Privacy by design e minimizzazione dei dati: le regole del Garante sui dati sanitari nei certificati
Non è la prima volta che il Garante della privacy si esprime in materia di protezione dei dati personali in ambito sanitario e sul suo rapporto con i certificati.
Nel 2005, era stato adottato dall’Autorità un provvedimento a carattere generale, con cui era stata prescritta, a carico delle aziende sanitarie, l’adozione di specifiche procedure preventive, volte a evitare che soggetti estranei potessero evincere informazioni sullo stato di salute del paziente in forza della correlazione tra l’identità del soggetto e l’indicazione della struttura o del reparto/dipartimento presso cui si è recato o è stato ricoverato. Tali cautele, nell’ottica del Garante, debbono essere tenute anche con riferimento alle «eventuali certificazioni richieste per fini amministrativi non correlati a quelli di cura (ad es., per giustificare un’assenza dal lavoro o l’impossibilità di presentarsi ad una procedura concorsuale)».
Il predetto orientamento è stato ribadito anche più di recente, nel 2015, con l’esplicita precisazione che nelle certificazioni rilasciate ai pazienti o ai loro accompagnatori per attestare la presenza in ospedale e giustificare, per esempio, l’assenza dal lavoro ovvero la mancata partecipazione a un concorso, non devono essere riportate «indicazioni della struttura presso la quale è stata erogata la prestazione, il timbro con la specializzazione del sanitario, o comunque informazioni che possano far risalire allo stato di salute».
Similmente, la Corte di Cassazione (sez. III civ., ord. 31 gennaio 2018, n. 2367), con riferimento alla refertazione del medico fiscale, ha statuito che non debba essere riportata sulla copia per il datore di lavoro la diagnosi del paziente, ma unicamente della conferma della prognosi da parte del medico. Parimenti, si deve considerare lesiva del diritto alla riservatezza anche la prescrizione nel referto di una visita specialistica da cui si possa desumere lo stato di salute del lavoratore.
Con riferimento ai provvedimenti in commento, il Garante ha riconosciuto, nella condotta dell’ente, la violazione del principio di minimizzazione dei dati (art. 5, par. 1, lett. c, del Regolamento UE 2016/679), nella misura in cui l’indicazione del reparto presso cui è stata erogata la cura esula dalle finalità per cui il certificato viene rilasciato.
In secondo luogo, è stata sanzionata la violazione del principio di protezione dei dati a partire dalla progettazione (privacy by design), non avendo l’azienda sanitaria territoriale, fin dalla predisposizione del predetto modello di certificazione, adottato adeguate misure per garantire l’effettiva applicazione del richiamato principio di minimizzazione prevedendo che la quantità di dati personali indicati nel predetto modulo fosse limitata e pertinente rispetto a quanto necessario per la specifica finalità perseguita.

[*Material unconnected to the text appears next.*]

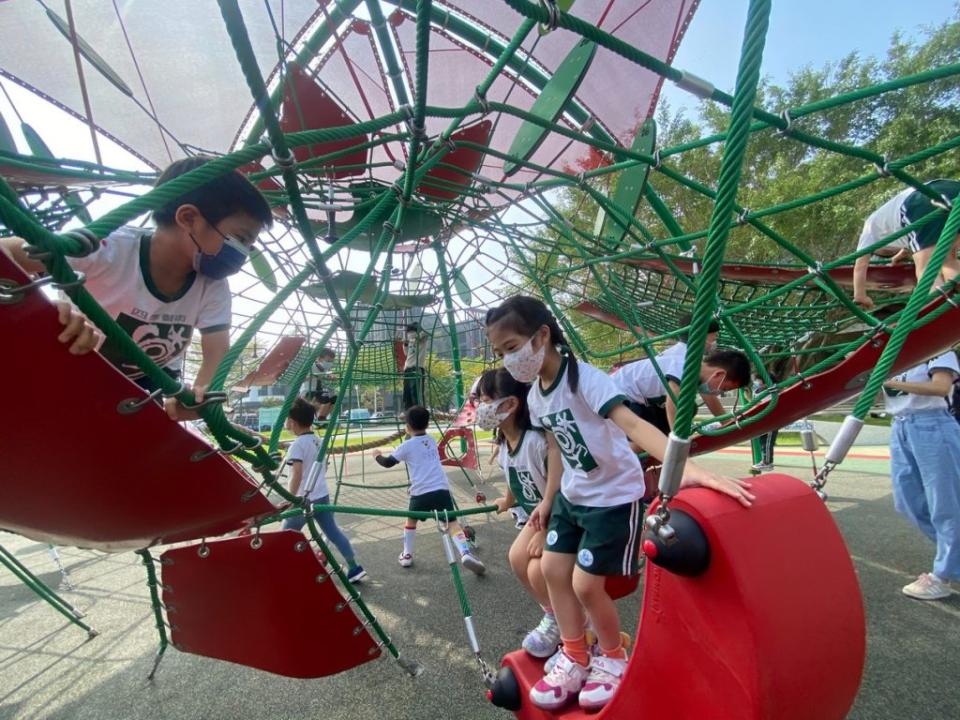 黎新公園「與水共存」的休閒景觀，榮獲經濟部水利署「第三屆全國水環境大賞」水漾生活獎以及高雄市建築經營協會「二0二二建築園冶獎」。(記者徐義雄攝)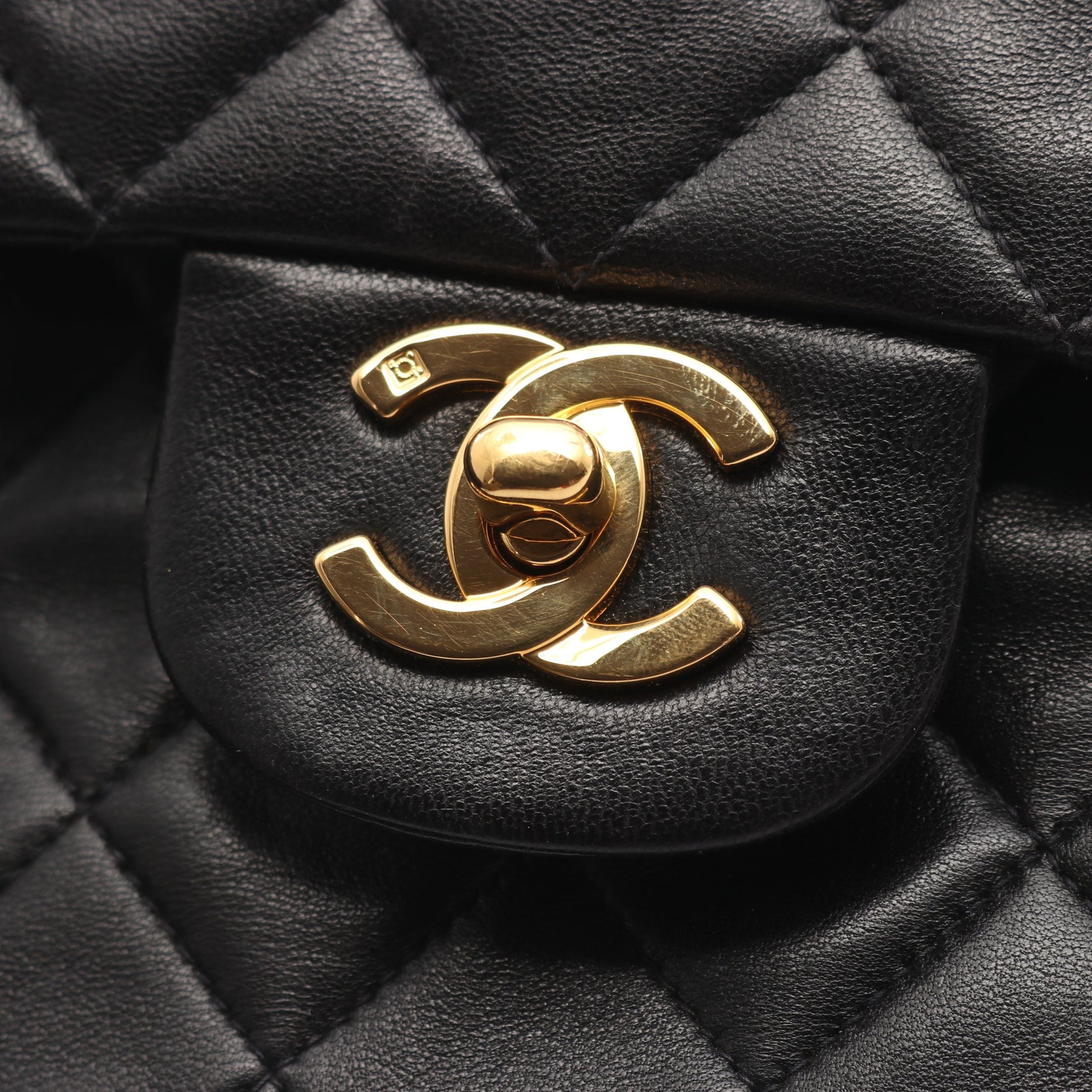 マトラッセ Wフラップ Wチェーンショルダーバッグ ラムスキン ブラック ゴールド金具 シャネル バッグ CHANEL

La diversa decisione del Garante e la rilevanza della condotta dell’ente
Il Garante evidenzia, quindi, che le strutture sanitarie debbono adottare un approccio privacy by design, progettando la modulistica in coerenza con il principio di minimizzazione, limitando le informazioni al solo fatto dell’accesso a una struttura sanitaria, senza ulteriori dettagli.
È importante osservare che l’esito dell’attività procedimentale è stato condizionato dalla condotta del destinatario in sede istruttoria. Infatti, da una parte, l’ente che ha dimostrato prontezza nella rettifica della modulistica contraria alle prescrizioni normative e del Garante, una chiara volontà di cooperazione nonché un atteggiamento volto a attenuare le conseguenze negative derivanti dalla violazione è stato destinatario di un ammonimento, mentre l’ente che si è limitato alla difesa, senza alcun proposito collaborativo, è stato oggetto di sanzione.